The cost of TIF
It’s not listed on property tax bills, but city and village Tax Incremental Finance projects cost taxpayers, including town residents
Town of Marathon resident Kathy Anderson is no stranger to Tax Incremental Finance (TIF). She served as a City of Wausau alderperson from 1998 to 2004 and, during her career in city government, she got to vote both “yes” and “no” on various TIF development projects.
In casting votes on TIF projects, Anderson knew taxes from people outside of Wausau were being used to help finance the city projects, but, like a lot of things that involve TIF, only vaguely. Thus Anderson, now a township resident, was surprised to learn that she indirectly paid $477 or eight percent of her property tax bill this past year to finance TIF projects all across northcentral Wisconsin.
“I wouldn’t have guessed it was that much,” she said.
The sum is a Record-Review calculation. To get to this bottom line, we figured Anderson’s 2020 taxes if all of the property in Tax Incremental Districts in our area were taxed just like other property. We compared that sum with her 2020 bill. The difference, $477, is her contribution to TIF.
Here’s how it works. In a TIF district, taxes generated by a new industrial, commercial or residential development are diverted by city and village governments to pay for needed improvements, such as streets, sewers and sidewalks, for as long as 27 years (or even longer, if the districts are “distressed.”) This leaves the county, technical college and K-12 school not getting those taxes. They respond by increasing the tax burden on everybody else by the amount they don’t get.
These higher levies are not a direct property tax listed on anybody’s annual bill. Instead, it is indirect taxation.
The Record-Review has calculated these TIF taxes for residents of our four local school districts in the 2020 tax year on an average-priced home ($158,756):
_ Athens School District, $127.34.
_ Edgar School District, $112.72.
_ Marathon School District, $188.92.
_ Stratford School District, $155.58.
Anderson doesn’t begrudge paying her property taxes, including the portion that indirectly finances TIF.
She is irked, however, that her indirect payment of TIF taxes isn’t clearly spelled out on her property tax bill. “You are dealing with public money,” she said. “You need transparency.”
Anderson, too, is bugged that while she is helping to pay for TIFs she doesn’t have much say in what’s approved or not approved.

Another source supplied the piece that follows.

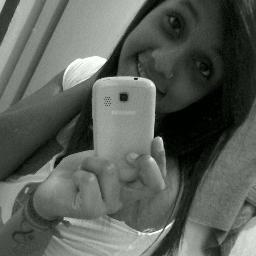 Estou aqui é pra viver, cair, aprender, levantar e seguir em frente *-*  ..
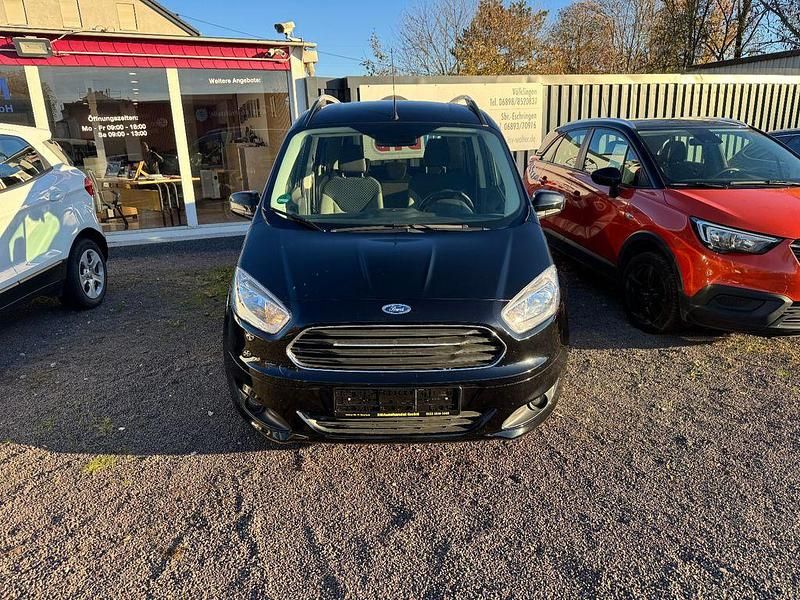 Gebraucht Ford Tourneo Courier 101 PS (74 kW) 2017 Schwarz Van / Kleinbus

For example, the town of Marathon resident knows that the neighboring Village of Marathon City has used TIF funds to finances various development projects Anderson thinks she should have the opportunity to say something about TIF funded projects if she is helping to pay for it. It’s a taxation and representation concern. Under state law, all TIFs are reviewed and approved by a Joint Review Board. The board is made up of representatives from the village or city, county, tech school and K-12 school. This body, however, typically only looks at overall TIF plans and finances. It doesn’t consider possible citizen objections to any specific project.
That leaves Anderson disappointed with TIF projects and how rural people, like herself, help fund them.
“TIFs are very hard to deal with,” she said.
Mike Koles, executive director of the Wisconsin Towns Association, has heard Anderson’s complaint before and he has a suggestion to answer it.
He suggests the citizen member of a Joint Review Board be a township resident. This person could voice township concerns about TIF projects. “The Joint Review Board doesn’t talk about the concerns town residents might have per se,” he said. “There is, for example, a school district resident on the board, but this person typically talks about concerns that all residents might have. If you had a town resident, there would be a focus on township concerns.”
One of these concerns, Koles said, is whether use of TIF in a project is truly a remedy for “blight” or whether it is accelerating urban sprawl, gobbling up township tax base through repeated annexations. A second concern is whether taxpayers will see an actual return on investment from their tax dollar once the 27-year life of a project lapses.
He thinks a town resident on a Joint Review Board would demand village and city planners be accountable for the investment people outside their borders are making in indirect TIF taxes.
Koles said it would take an act of the legislature to change the composition of the Joint Review Board and that this might be difficult to achieve, given urban support for TIF in Madison.
Still, he thinks town residents earn a spot on the Joint Review Board given their financial support for TIF.
Kathy Anderson is on board.
“I think it would be an excellent idea,” she said.
Anderson said Joint Review Boards with township representation would help urban communities and their rural neighbors be better partners.
“Towns and villages need to work together,” she said. “They need each other. In my own mind, I don’t divide them.”